Payday loans are short-term, small-dollar loans known for their high interest rates or high fees that are marketed to low-income workers with few avenues of traditional credit. They are called payday loans because a borrower gives the lender a check for the entire loan balance, plus any associated fees. The lender cashes the check on the borrower's payday. People living paycheck to paycheck often cannot bear the brunt of paying an entire loan balance--usually about $300--in one swoop. To avoid this, they may pay additional fees to extend the term of the loan. This cycle has devastating effects on a person's ability to ever pay back such loans. Consumer credit counseling agencies can negotiate on your behalf to form a payment plan.
Find a consumer credit counselor. In most areas of the country there typically are several companies and nonprofit organizations whose stated goal is to help people get out of debt. Many of these companies are scams, though. They take fees and do little to help.
The U.S. Department of Justice maintains a list of approved credit counselors (see References). These counselors offer debtors required credit counseling prior to bankruptcy, but their services may be available to people seeking to re-organize their financial house. The U.S. Department of Housing and Urban Development also maintains a list of counselors that advise people on the financial aspects of home buying (see References). Many of these counselors also work with people trying to get out of debt.
Contact a counselor near you. According to the Federal Trade Commission, many credit counseling agencies will offer their services at little or no cost to you. When you call to set up an appointment, ask what paperwork and documentation you will need in preparation for the meeting.

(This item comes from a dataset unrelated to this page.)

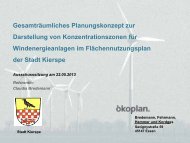 Gesamträumliches Planungskonzept zur Darstellung ... - Stadt Kierspe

Research options with your counselor. There are plenty of options to repay the loan. If your lender is a member of the Community Financial Services Association, an industry trade association, it should offer you a repayment plan upon request. Filing for bankruptcy may also be an option. In some cases, a counselor may institute a debt management plan in which you write a check each week to the counselor. They, in turn, will pay your bills from the funds you give them. These programs help borrowers live on a budget and cut off access to credit.